# - A - B - C - D - E - F - G - H - I - J - K - L - M - N - O - P - Q - R - S - T - U - V - W - X - Y - Z
Son Haberler
Anasayfa    /    Kritikler
DISILLUSION – The Liberation
| 12.09.2019

İnsanın tahminlerinin tutmaması bazen çok tatmin edici olabiliyor.

Dinleyicilik sürecim içerisinde hazırlıksız yakalandığım anlardan biridir “Back to Times Splendor”. Albümü tam çıktığı sene tesadüfen bulmuş, kapağındaki kadın görselinden dolayı gotik, belki kadın vokal katkılı, hisli, büyük oranda boş yapan bir şeyler bekleyerek açmıştım.

Beklediğim hiçbir şeyin gerçekleşmeyeceğini görmem ve albümün aklımı alması için sadece bir şarkı yeterli olmuştu. DISILLUSION muazzam bir progresif death metal yapıyordu ve son derece akılda kalıcı bestelerini mükemmel bir müzisyenlik, yaratıcılık ve karakter eşliğinde sunuyordu.
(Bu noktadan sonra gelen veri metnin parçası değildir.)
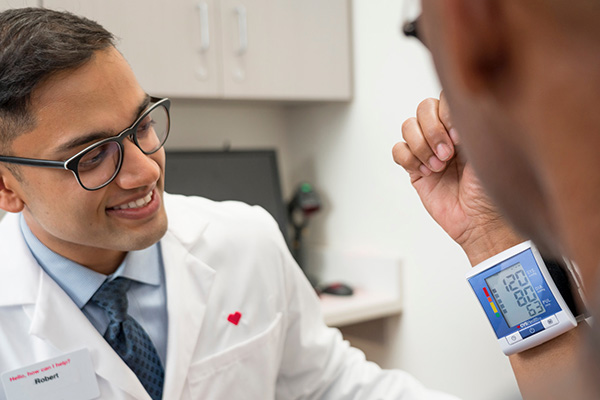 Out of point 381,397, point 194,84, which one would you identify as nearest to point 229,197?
point 194,84

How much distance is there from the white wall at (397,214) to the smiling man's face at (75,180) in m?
1.05

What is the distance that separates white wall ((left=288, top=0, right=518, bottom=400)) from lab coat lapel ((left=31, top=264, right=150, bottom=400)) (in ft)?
3.75

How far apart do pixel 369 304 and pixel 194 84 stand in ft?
3.12

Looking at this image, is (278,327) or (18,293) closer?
(18,293)

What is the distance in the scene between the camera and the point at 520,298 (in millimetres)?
807

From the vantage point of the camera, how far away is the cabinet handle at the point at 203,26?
1.92 metres

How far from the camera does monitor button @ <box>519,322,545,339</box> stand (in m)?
0.77

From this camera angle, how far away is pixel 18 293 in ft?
3.38

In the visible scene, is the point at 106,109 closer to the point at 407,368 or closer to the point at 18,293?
the point at 18,293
OPETH’in progresif metalden 8 albümün ardından sıkıldığı düşünüldüğünde, DISILLUSION’ın bu kadar iyi ve karakteristik yaptığı bir şeye sadece bir albüm dayanması ve efsane ilk albümünden sadece 2 yıl sonra çıkan ikinci albümünde çok daha farklı bir yöne kayması bence grup açısından hiç de isabetli bir karar değildi. “Gloria”yı belli açılardan seviyorum, ama grup sanki sadece bir albümle inşa ettiği güçlü yapıyı sağlamlaştırma şansını kaçırmış ve ne yapacağına karar veremediği için üretimini durdurmuşçasına sessizliğe gömülmüştü. Adamların “Gloria”dan sonra üçüncü albümleri için neden 11 yıl beklediklerini bilmiyorum ama doğal olarak grubun her şeyi olan Andy Schmidt’le ilgili bir durum olduğu ortada.

Açıkçası 2014-2015 civarlarında DISILLUSION’dan ümidimi tamamen kesmiştim. Öyle çok ekmek yenecek, paraya çevrilecek türde bir müzikleri yoktu ve muhtemelen tüm o uğraşa değmeyeceğini düşünerek yok olup gideceklerdi. Lakin 2016 Ekim’inde gelen “Alea” single’ı her şeyi değiştirdi. Demek ki Andy bu kadar yeter demiş ve sazı eline almıştı. Grubu en son bıraktığımız noktada “Gloria” olduğu için, yeni albüm haberi geldiğinde ben o ayarlarda bir şey olacağını düşünüyordum. İlk albümdeki çılgın progresif death metalden tatlarla ağızlara bal çalınır, ama aradan geçen yıllarla olgunlaşan Andy yine “Gloria” ayarında, daha minimal bir şey yaratır diye düşünüyordum.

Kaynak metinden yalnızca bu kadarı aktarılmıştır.